§ What this task involves
The lines below, from the one containing "So ideally, the" through the one containing "Welcome to Laravel", should be set down exactly, with no pictures and nothing else.

§ Excerpted records
.....

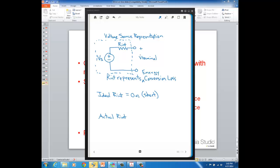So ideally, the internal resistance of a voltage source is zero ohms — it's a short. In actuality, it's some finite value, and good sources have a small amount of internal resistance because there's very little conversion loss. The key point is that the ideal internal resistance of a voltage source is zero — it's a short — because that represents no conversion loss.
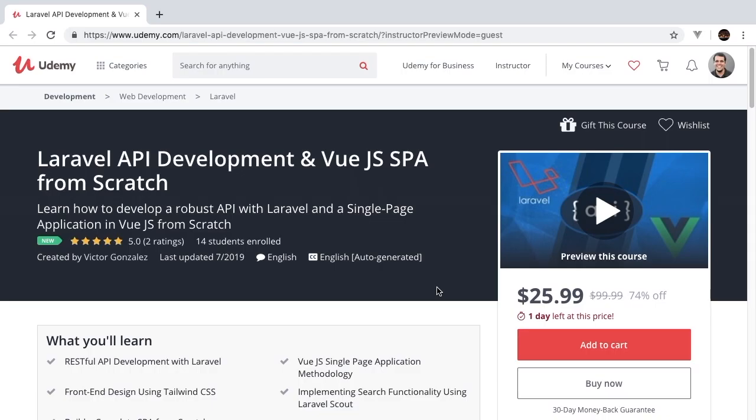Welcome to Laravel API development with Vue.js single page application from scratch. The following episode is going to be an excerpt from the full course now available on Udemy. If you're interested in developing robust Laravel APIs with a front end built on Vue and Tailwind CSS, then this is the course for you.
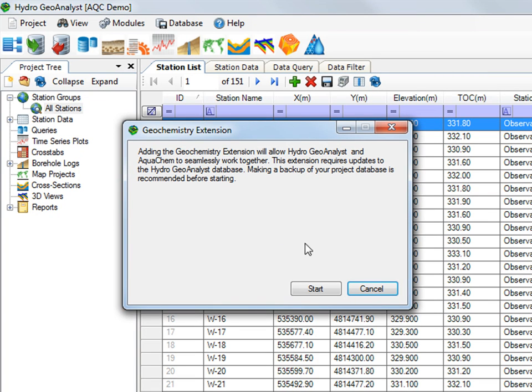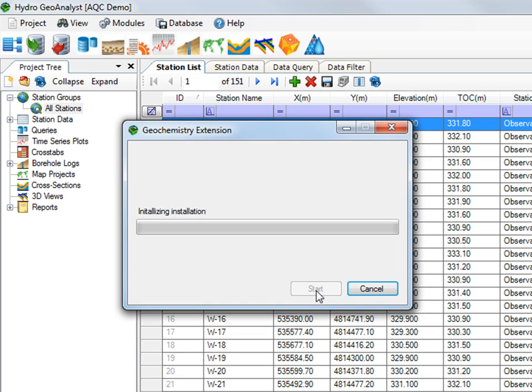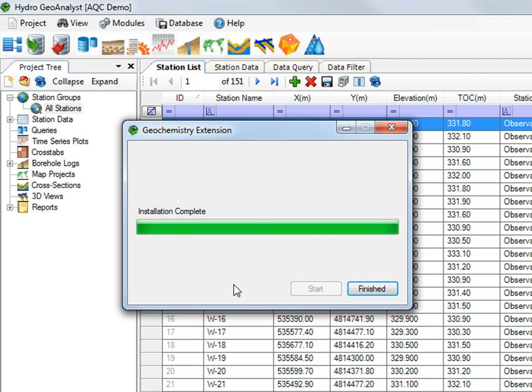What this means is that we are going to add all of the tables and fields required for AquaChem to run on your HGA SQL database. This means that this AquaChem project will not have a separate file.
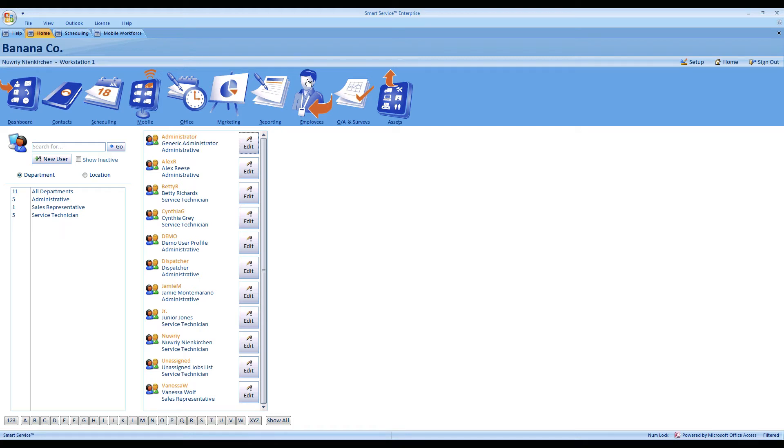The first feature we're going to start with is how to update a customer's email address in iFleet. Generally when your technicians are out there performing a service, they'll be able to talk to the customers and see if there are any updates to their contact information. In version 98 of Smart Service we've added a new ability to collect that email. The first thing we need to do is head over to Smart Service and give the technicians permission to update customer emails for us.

.....

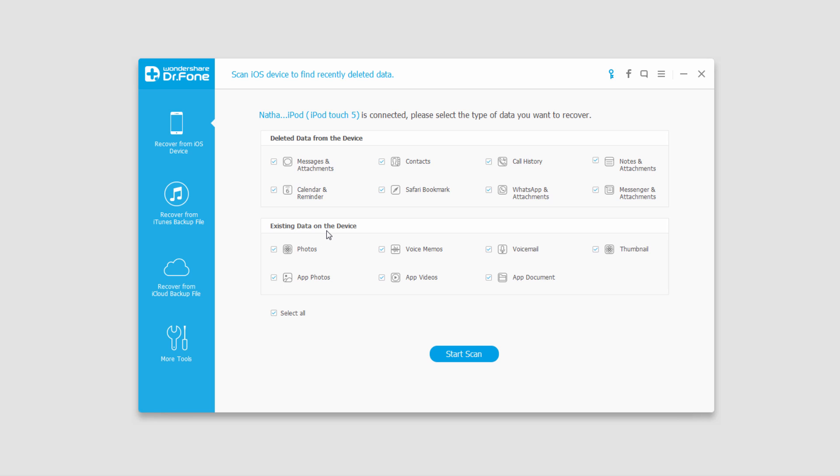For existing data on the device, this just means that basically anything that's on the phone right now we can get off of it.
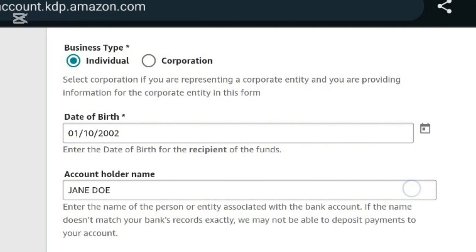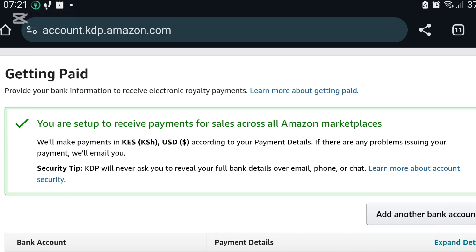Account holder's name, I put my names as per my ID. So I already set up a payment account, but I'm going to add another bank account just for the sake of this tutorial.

.....

§ Answer box
So ideally, the internal resistance of a voltage source is zero ohms — it's a short. In actuality, it's some finite value, and good sources have a small amount of internal resistance because there's very little conversion loss. The key point is that the ideal internal resistance of a voltage source is zero — it's a short — because that represents no conversion loss.
Welcome to Laravel API development with Vue.js single page application from scratch. The following episode is going to be an excerpt from the full course now available on Udemy. If you're interested in developing robust Laravel APIs with a front end built on Vue and Tailwind CSS, then this is the course for you.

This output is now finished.